Coming Soon: your Rails app performance trends & outliers, via email
I follow a simple rule before configuring a monitoring alert: if I receive this alert at 3am, will I act on it?
If not, it shouldn't be an alert.
Few performance-related alerts meet this criteria. For example, if our app is running 25% slower, it's not worth a hasty 3am fix, but it is worth a first-thing-in-the-morning effort.
That's the drive behind a feature we'll make available soon: The Digest Email. Available in daily or weekly editions, the Digest Email summarizes your app performance and directs you to bottlenecks with ease:
How It Works
At a frequency of your choice (daily or weekly), we'll crunch the numbers on your app's performance (both web endpoints and background jobs). Performance is compared to the previous week, and highlights are mentioned in the email.
To start, there's three specific areas we're focusing on.
It's easy to just grab endpoints with large changes in their mean response time between today and last week. However, that adds significant noise: a rarely used endpoint, like
UsersController#forgot_password, may vary widely in response time. Is it worth the development performance effort if response times are bouncing between 100 ms - 500 ms? Frequently, the answer is no.
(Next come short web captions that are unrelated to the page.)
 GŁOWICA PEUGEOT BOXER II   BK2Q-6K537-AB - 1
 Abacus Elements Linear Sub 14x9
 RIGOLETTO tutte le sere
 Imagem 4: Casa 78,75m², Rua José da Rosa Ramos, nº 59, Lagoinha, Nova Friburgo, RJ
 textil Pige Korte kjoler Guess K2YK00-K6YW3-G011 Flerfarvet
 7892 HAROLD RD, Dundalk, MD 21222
Scout works hard to identify significant trends. Some of the approaches our algorithms apply:
- Endpoints must meet a minimum threshold of time consumed (throughput * mean response time) to be considered. This filters out low-volume endpoints.
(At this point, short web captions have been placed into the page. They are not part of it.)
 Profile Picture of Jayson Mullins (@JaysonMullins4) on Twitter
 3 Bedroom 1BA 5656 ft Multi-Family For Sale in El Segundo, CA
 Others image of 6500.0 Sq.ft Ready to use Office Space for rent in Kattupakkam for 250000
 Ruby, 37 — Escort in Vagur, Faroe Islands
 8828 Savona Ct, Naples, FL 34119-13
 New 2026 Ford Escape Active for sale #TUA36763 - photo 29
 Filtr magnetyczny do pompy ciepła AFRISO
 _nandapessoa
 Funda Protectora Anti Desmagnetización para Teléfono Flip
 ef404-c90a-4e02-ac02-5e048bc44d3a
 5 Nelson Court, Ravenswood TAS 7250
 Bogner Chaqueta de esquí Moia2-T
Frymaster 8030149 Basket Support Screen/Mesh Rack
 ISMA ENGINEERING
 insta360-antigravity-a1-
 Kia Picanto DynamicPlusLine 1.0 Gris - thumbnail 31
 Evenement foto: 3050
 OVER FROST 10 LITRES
- There must be a minimum number of requests in each step of a duration for the trend to qualify.
- The trend must extend across a significant period of time - we don't consider a large spike in response time over a 5 minute period a trend.
To make tracking down the source of trends easier:
- If you've enabled deploy tracking, we'll attempt to identify if a deploy triggered the trend.
- If you've enabled deploy tracking and the GitHub integration, we'll mention the developers with commits associated with the deploy that triggered the change.
2. Slow Outliers
What if an endpoint is fine for 90% of users, but it becomes extremely slow for a small subset of users? The small percentage of users experiencing performance problems are frequently high-paying power users that are pushing your app the hardest. For example, a controller-action that renders all employees at a startup will load quickly while that same endpoint would fall over if that company was Apple.
Additionally, these very slow outliers can trigger frustrating capacity problems, and in a worst-case scenario, momentary downtime. It's far more difficult to determine the application capacity you need to serve your app when response times vary widely (Little's Law isn't valid across a wide distribution of response times).
We highlight endpoints that are triggering these slow outliers, but that's not all. We also identify any significant bottlenecks (example: a slow ActiveRecord query).
Bonus: if you've setup our GitHub integration, you'll see who last touched any expensive code paths.
3. The email subject
Our subject line is dynamic, changing with your aggregrate app performance. Here's an example:
If performance isn't changing, it's important to know that too:
Also, we display a friendly emoticon when things are going well:
It's a nice, friendly reward.
The goal: if things haven't changed, there's no need to open the email. If we think there's something worth investigating, we'll draw your attention.
We're limiting the number of recipients as we tune our algorithms based on your feedback. Enable the Digest Email in your user settings to ensure you'll be in our first access group.
Most app performance issues don't warrant immediate, one-off alerts, but they do warrant a holistic per-day or per-week review.
The Scout Digest Email aims to address this while identifying the source of issues.